AVAILABLE RECORDS:

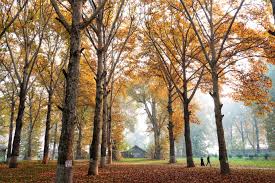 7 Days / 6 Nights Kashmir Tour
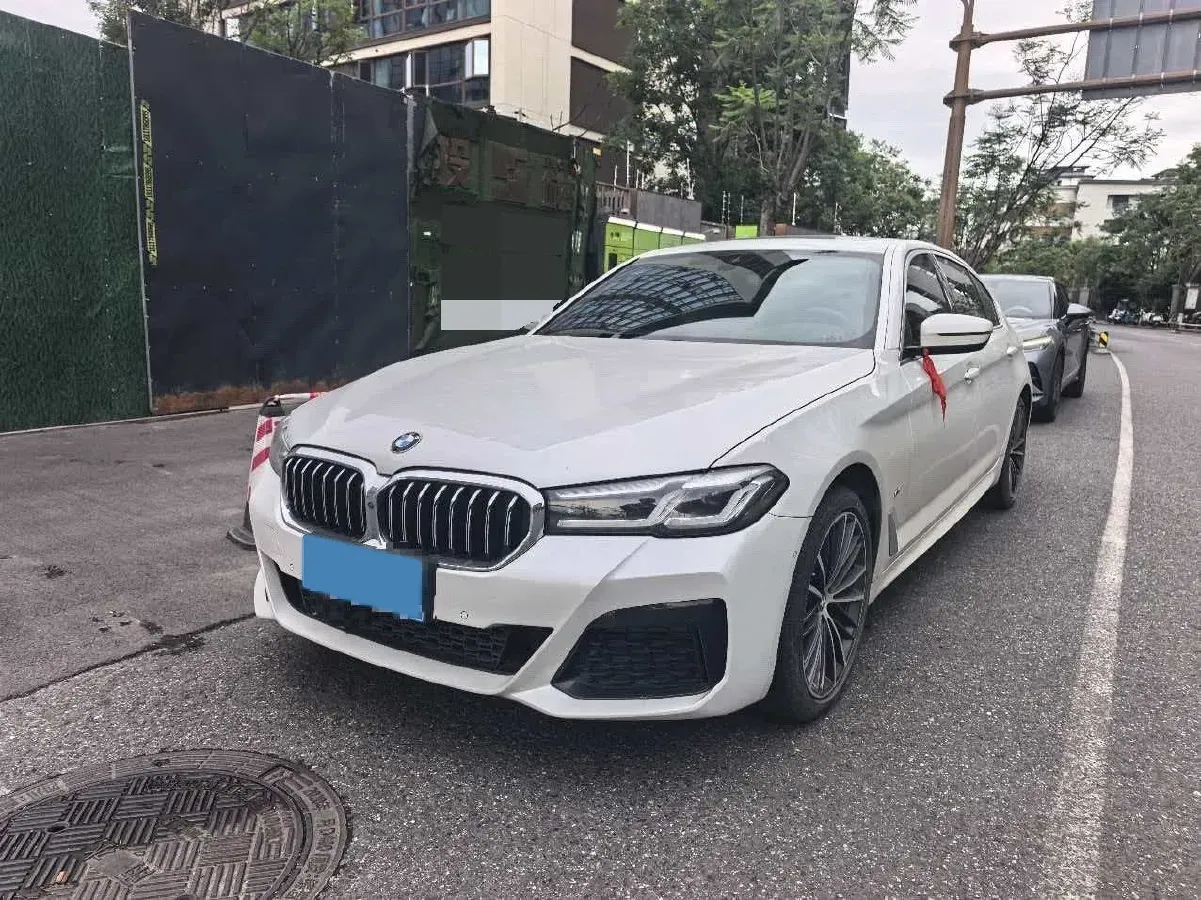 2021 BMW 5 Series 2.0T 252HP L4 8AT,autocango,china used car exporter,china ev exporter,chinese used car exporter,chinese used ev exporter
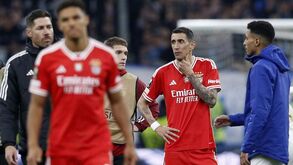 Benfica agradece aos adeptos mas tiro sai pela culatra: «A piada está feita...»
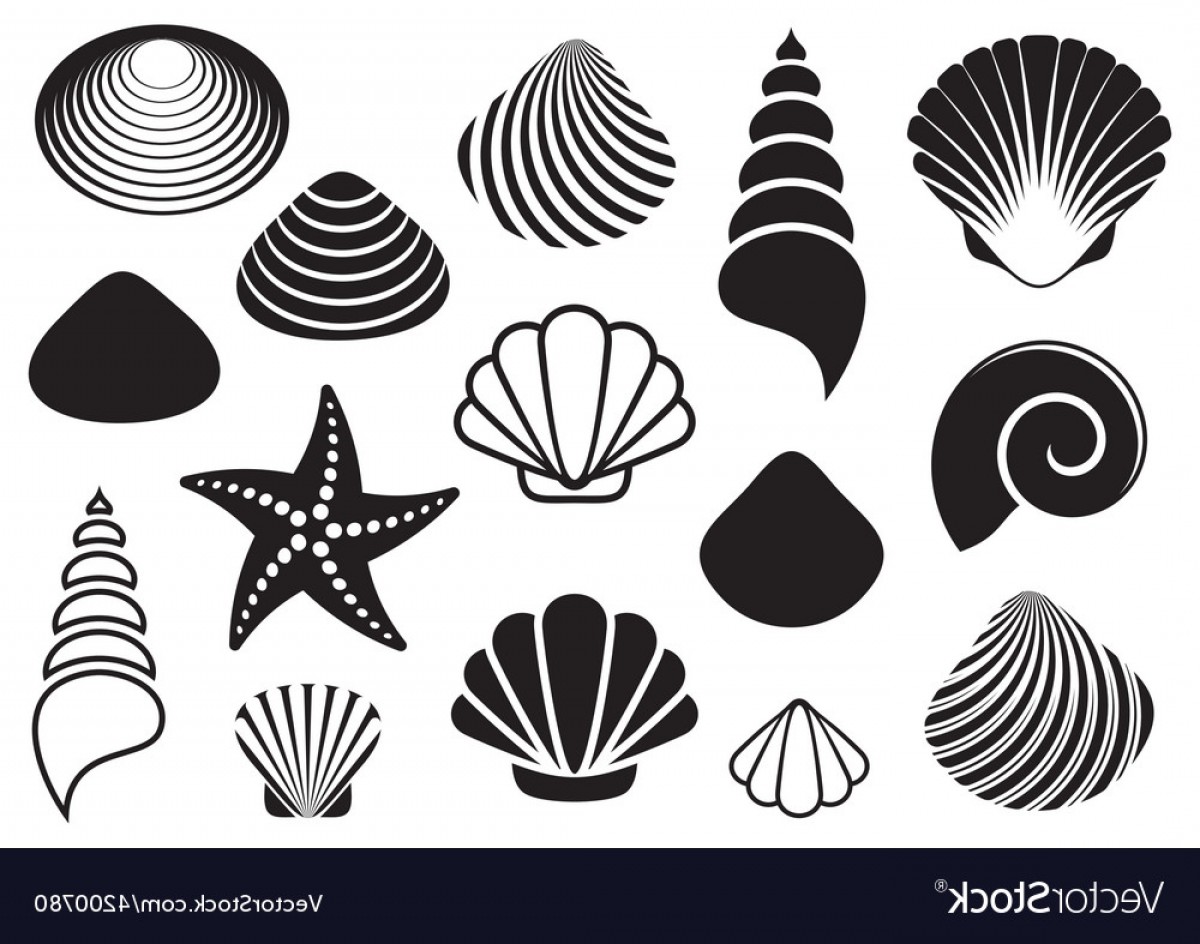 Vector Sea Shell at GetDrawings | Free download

--

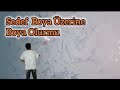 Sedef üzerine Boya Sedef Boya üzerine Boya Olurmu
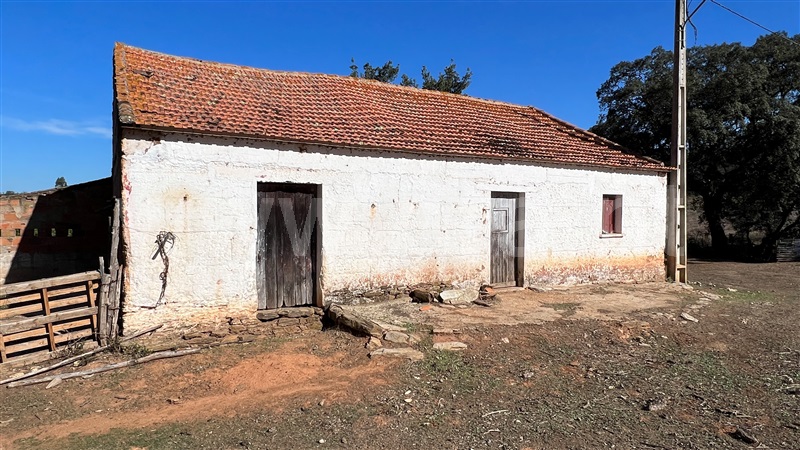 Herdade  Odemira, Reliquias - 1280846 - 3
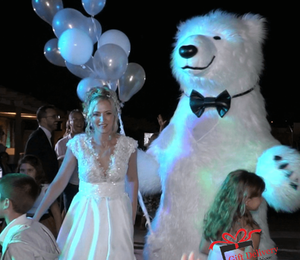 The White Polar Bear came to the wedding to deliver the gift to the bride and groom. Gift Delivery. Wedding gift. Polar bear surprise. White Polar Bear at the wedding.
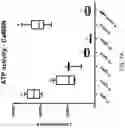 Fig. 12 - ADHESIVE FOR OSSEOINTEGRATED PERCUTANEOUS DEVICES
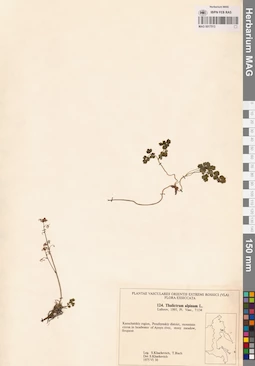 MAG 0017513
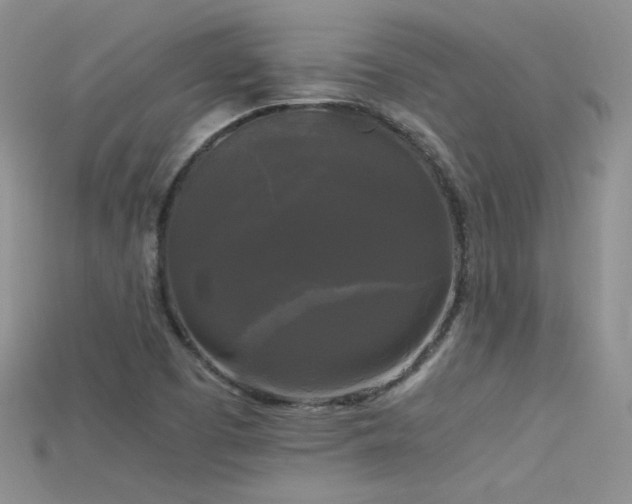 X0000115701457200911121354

AIM OF THE EXERCISE: Look through the listing above for the line with "2021 BMW 5 Series" and the line with "Benfica agradece aos". Write out exactly those lines and everything between, leaving out pictures.

RESPONSE FOR THIS EXERCISE:
 2021 BMW 5 Series 2.0T 252HP L4 8AT,autocango,china used car exporter,china ev exporter,chinese used car exporter,chinese used ev exporter
 Benfica agradece aos adeptos mas tiro sai pela culatra: «A piada está feita...»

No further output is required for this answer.